--- START ---

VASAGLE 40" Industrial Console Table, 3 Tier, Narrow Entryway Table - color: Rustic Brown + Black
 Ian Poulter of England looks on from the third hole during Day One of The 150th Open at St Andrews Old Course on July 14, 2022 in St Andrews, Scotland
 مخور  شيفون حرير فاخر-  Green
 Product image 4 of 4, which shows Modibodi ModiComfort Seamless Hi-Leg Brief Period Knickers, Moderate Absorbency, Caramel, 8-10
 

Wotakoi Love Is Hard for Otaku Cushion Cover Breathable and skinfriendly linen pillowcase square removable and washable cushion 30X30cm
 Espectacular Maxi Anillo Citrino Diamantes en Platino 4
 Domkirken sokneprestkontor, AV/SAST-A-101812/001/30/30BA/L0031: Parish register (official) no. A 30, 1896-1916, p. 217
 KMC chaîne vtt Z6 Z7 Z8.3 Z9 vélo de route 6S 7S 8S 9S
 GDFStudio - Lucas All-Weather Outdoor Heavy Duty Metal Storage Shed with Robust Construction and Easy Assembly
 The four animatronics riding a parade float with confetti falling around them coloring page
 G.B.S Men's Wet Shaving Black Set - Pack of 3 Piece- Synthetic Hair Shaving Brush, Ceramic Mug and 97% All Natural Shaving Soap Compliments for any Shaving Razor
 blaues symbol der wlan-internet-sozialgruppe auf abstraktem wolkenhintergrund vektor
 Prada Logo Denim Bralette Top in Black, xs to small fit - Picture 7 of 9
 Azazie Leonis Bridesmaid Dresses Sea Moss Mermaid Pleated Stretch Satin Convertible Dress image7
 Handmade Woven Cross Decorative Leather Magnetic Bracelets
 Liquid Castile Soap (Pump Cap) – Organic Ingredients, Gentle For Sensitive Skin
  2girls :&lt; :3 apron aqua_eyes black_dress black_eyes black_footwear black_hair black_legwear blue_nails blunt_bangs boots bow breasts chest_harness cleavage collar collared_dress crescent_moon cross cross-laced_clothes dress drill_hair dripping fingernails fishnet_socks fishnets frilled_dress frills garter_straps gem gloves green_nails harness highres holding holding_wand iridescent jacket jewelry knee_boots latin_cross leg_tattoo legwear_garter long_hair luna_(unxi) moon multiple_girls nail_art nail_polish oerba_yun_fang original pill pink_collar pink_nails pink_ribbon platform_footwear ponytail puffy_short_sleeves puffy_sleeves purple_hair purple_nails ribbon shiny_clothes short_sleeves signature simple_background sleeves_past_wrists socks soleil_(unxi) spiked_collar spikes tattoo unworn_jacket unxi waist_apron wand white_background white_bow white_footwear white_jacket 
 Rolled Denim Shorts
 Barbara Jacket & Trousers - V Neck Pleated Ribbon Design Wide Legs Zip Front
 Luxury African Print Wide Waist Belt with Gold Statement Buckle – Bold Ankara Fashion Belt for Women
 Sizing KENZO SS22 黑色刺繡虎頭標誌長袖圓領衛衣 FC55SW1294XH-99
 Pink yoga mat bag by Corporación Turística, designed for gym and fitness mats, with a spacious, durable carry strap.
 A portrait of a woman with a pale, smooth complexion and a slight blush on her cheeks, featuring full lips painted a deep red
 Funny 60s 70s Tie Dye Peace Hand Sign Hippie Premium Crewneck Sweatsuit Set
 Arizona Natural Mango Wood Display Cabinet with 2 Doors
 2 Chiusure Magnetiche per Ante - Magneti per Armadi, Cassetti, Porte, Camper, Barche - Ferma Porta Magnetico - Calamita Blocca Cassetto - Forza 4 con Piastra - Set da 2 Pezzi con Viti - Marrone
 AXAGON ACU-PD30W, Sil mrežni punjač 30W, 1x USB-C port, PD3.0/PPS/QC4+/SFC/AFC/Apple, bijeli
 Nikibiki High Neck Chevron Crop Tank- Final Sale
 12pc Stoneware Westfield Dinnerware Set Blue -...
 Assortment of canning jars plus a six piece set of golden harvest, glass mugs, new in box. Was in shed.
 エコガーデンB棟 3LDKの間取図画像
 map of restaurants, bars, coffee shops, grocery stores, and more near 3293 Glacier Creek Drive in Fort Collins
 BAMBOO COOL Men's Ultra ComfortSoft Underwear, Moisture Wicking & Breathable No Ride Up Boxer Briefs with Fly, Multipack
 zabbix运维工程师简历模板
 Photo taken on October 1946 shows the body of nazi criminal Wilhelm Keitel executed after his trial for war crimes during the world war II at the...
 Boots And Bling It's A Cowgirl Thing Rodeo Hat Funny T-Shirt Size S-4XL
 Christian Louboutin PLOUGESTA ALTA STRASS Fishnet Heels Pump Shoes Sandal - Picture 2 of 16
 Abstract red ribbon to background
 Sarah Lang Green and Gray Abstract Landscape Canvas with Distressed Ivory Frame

--- END ---

◆ Your assignment ◆
Set down, unchanged, only those lines above that fall between the line with "Pink yoga mat" and the line with "2 Chiusure Magnetiche", the two end lines included.

◆ Solution to this exercise ◆
 Pink yoga mat bag by Corporación Turística, designed for gym and fitness mats, with a spacious, durable carry strap.
 A portrait of a woman with a pale, smooth complexion and a slight blush on her cheeks, featuring full lips painted a deep red
 Funny 60s 70s Tie Dye Peace Hand Sign Hippie Premium Crewneck Sweatsuit Set
 Arizona Natural Mango Wood Display Cabinet with 2 Doors
 2 Chiusure Magnetiche per Ante - Magneti per Armadi, Cassetti, Porte, Camper, Barche - Ferma Porta Magnetico - Calamita Blocca Cassetto - Forza 4 con Piastra - Set da 2 Pezzi con Viti - Marrone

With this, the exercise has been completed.